## [Task description]
Beginning with the line that contains "SLP Coquette Bow" and ending with the line that contains "How to Draw", reproduce the lines of the entries below exactly, omitting pictures.

## [Provided information]
----------------------------------------
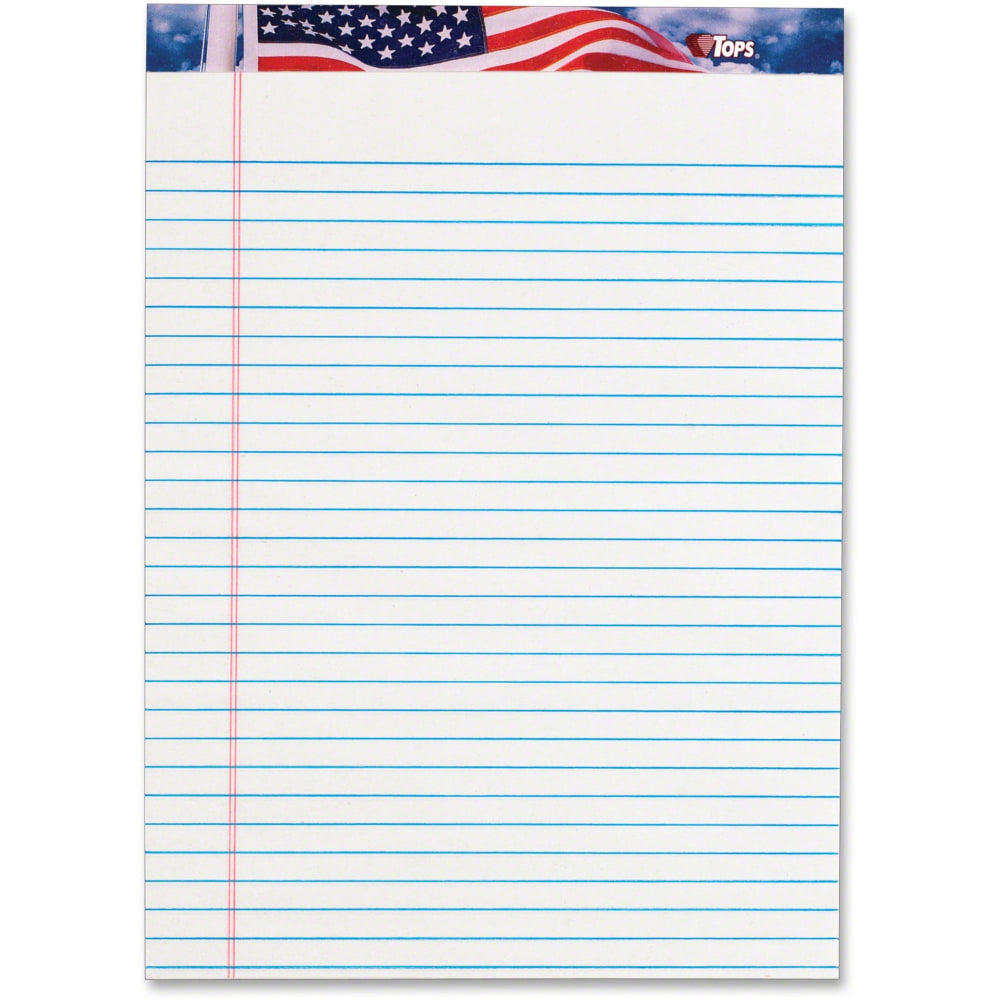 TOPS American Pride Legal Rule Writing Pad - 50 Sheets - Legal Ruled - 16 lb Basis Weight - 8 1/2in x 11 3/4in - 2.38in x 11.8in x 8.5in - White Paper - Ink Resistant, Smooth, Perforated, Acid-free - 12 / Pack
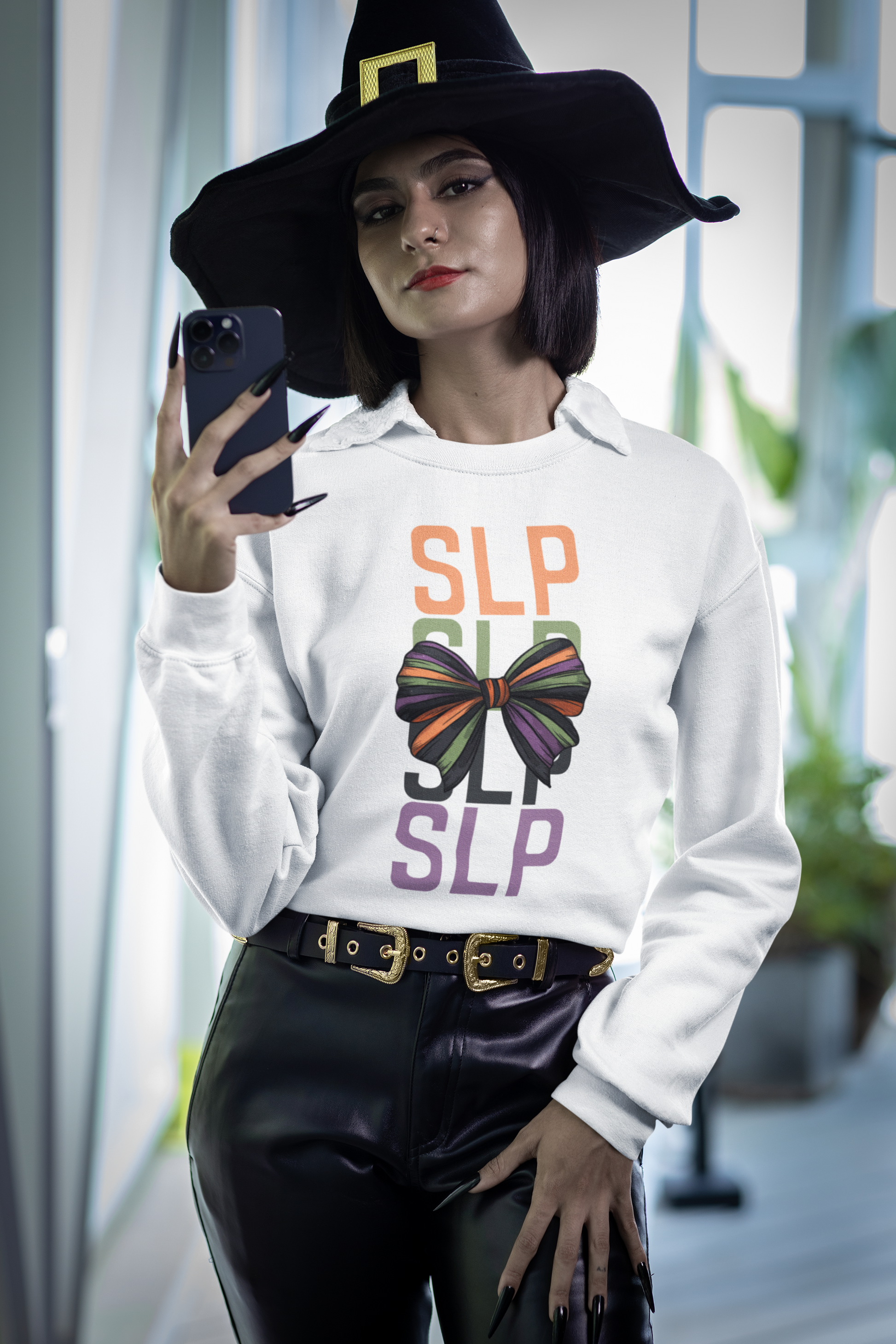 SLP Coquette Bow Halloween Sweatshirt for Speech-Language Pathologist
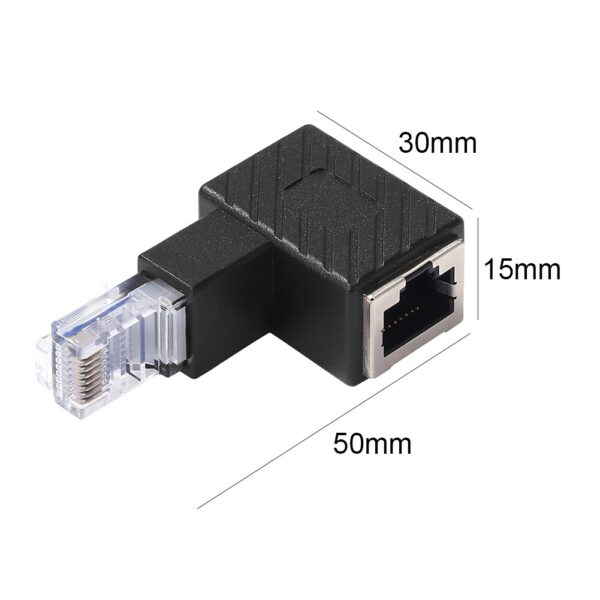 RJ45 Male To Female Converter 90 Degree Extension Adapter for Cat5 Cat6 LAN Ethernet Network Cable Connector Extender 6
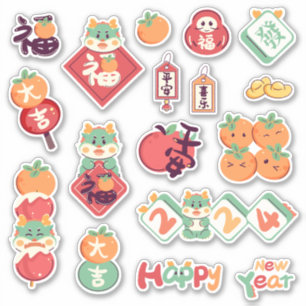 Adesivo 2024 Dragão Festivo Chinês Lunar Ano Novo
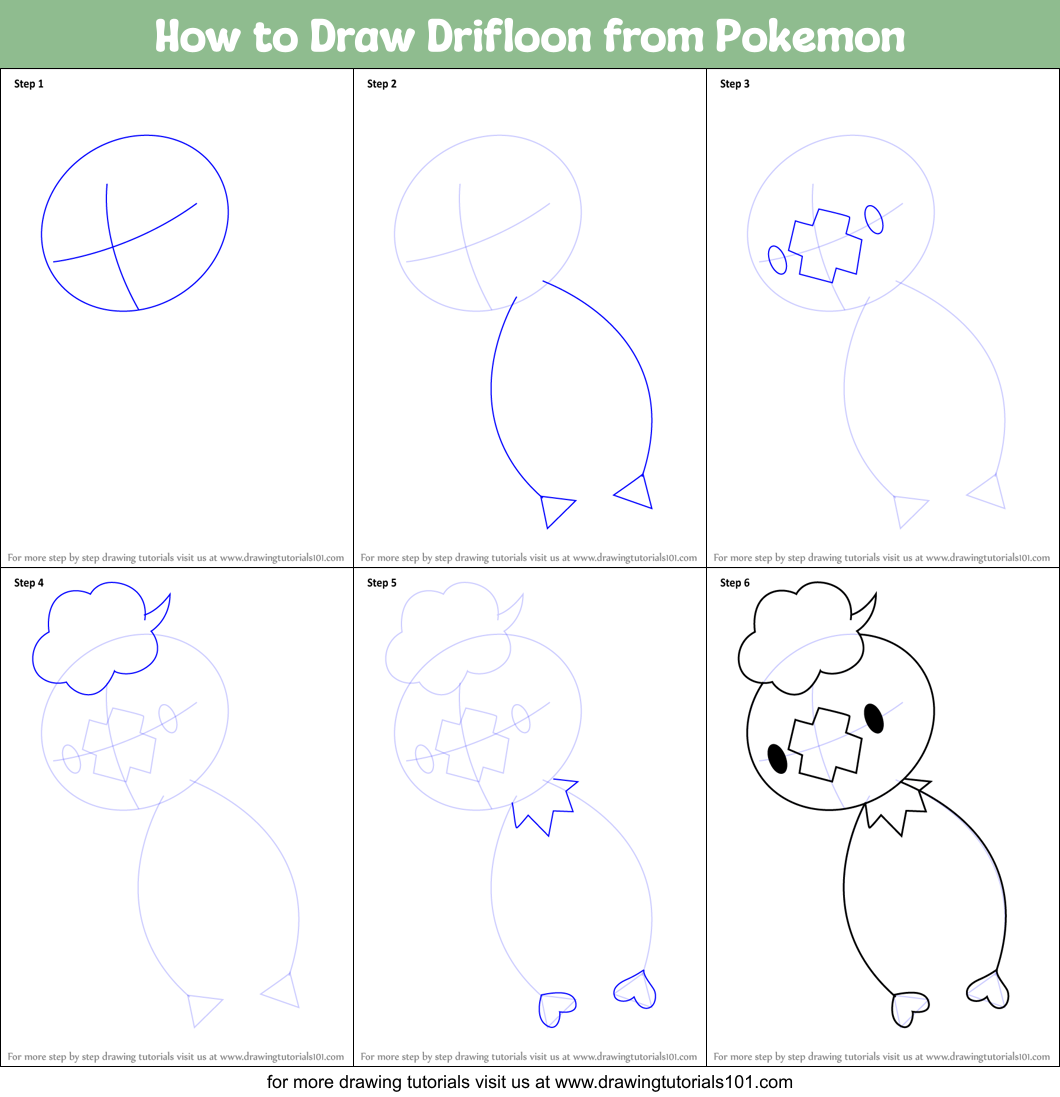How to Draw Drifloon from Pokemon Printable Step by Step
----------------------------------------
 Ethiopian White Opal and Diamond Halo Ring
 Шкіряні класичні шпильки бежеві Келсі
----------------------------------------
## [Output of the task]
 SLP Coquette Bow Halloween Sweatshirt for Speech-Language Pathologist
 RJ45 Male To Female Converter 90 Degree Extension Adapter for Cat5 Cat6 LAN Ethernet Network Cable Connector Extender 6
 Adesivo 2024 Dragão Festivo Chinês Lunar Ano Novo
How to Draw Drifloon from Pokemon Printable Step by Step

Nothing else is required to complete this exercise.